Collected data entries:
--- --- ---
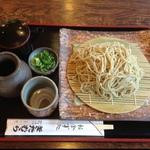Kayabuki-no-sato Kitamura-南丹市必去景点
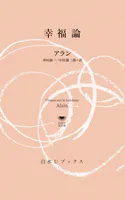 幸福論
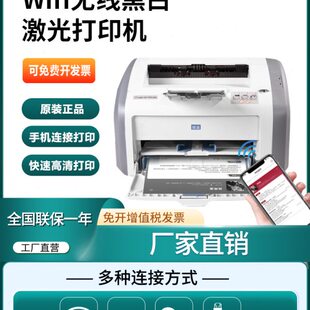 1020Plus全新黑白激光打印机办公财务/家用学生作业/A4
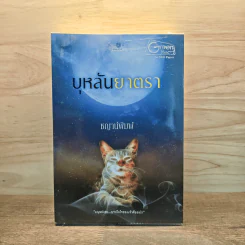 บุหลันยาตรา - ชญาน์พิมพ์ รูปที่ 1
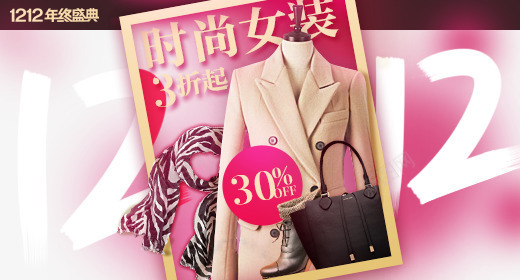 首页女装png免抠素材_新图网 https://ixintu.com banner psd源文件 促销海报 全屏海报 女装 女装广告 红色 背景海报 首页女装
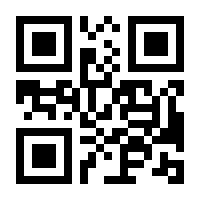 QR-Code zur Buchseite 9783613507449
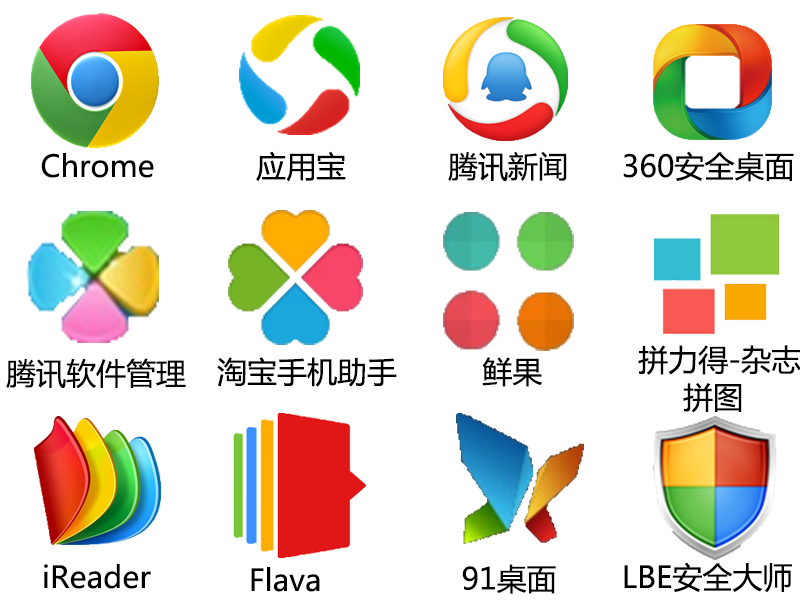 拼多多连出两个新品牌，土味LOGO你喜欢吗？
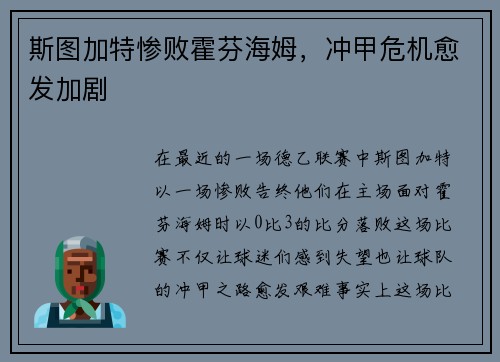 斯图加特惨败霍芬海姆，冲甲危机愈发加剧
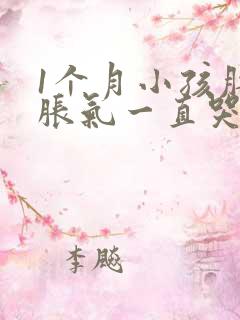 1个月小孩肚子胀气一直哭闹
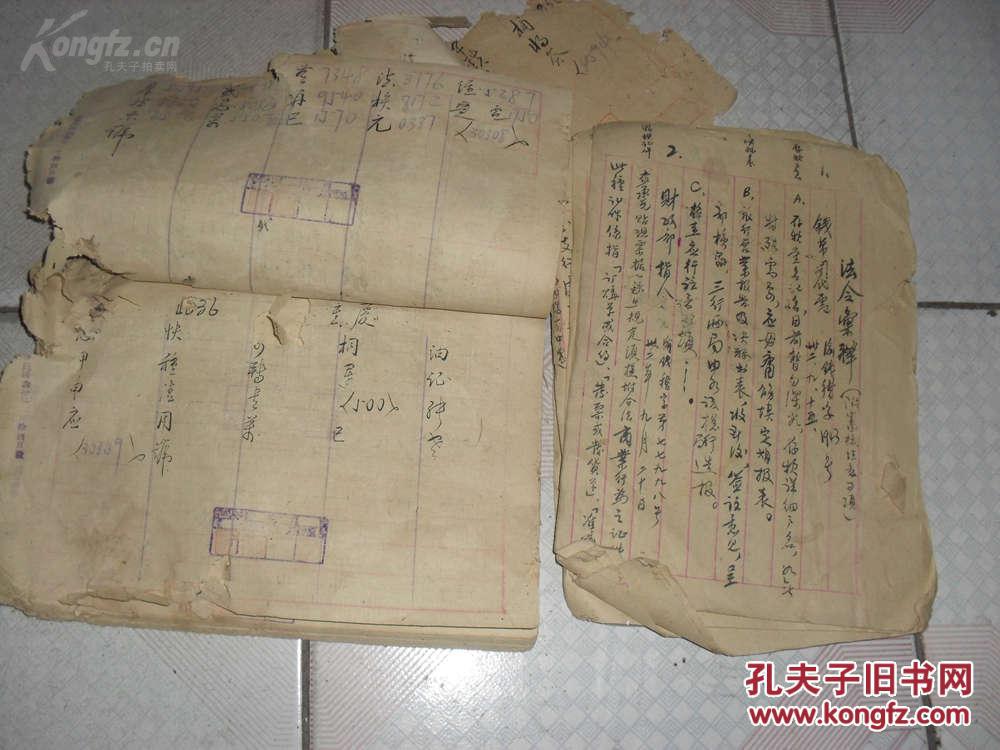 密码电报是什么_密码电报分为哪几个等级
--- --- ---
[WHAT IS BEING ASKED]
Extract the text of all the records above verbatim, excluding pictures.

[EXERCISE RESPONSE]
Kayabuki-no-sato Kitamura-南丹市必去景点
 幸福論
 1020Plus全新黑白激光打印机办公财务/家用学生作业/A4
 บุหลันยาตรา - ชญาน์พิมพ์ รูปที่ 1
 首页女装png免抠素材_新图网 https://ixintu.com banner psd源文件 促销海报 全屏海报 女装 女装广告 红色 背景海报 首页女装
 QR-Code zur Buchseite 9783613507449
 拼多多连出两个新品牌，土味LOGO你喜欢吗？
 斯图加特惨败霍芬海姆，冲甲危机愈发加剧
 1个月小孩肚子胀气一直哭闹
 密码电报是什么_密码电报分为哪几个等级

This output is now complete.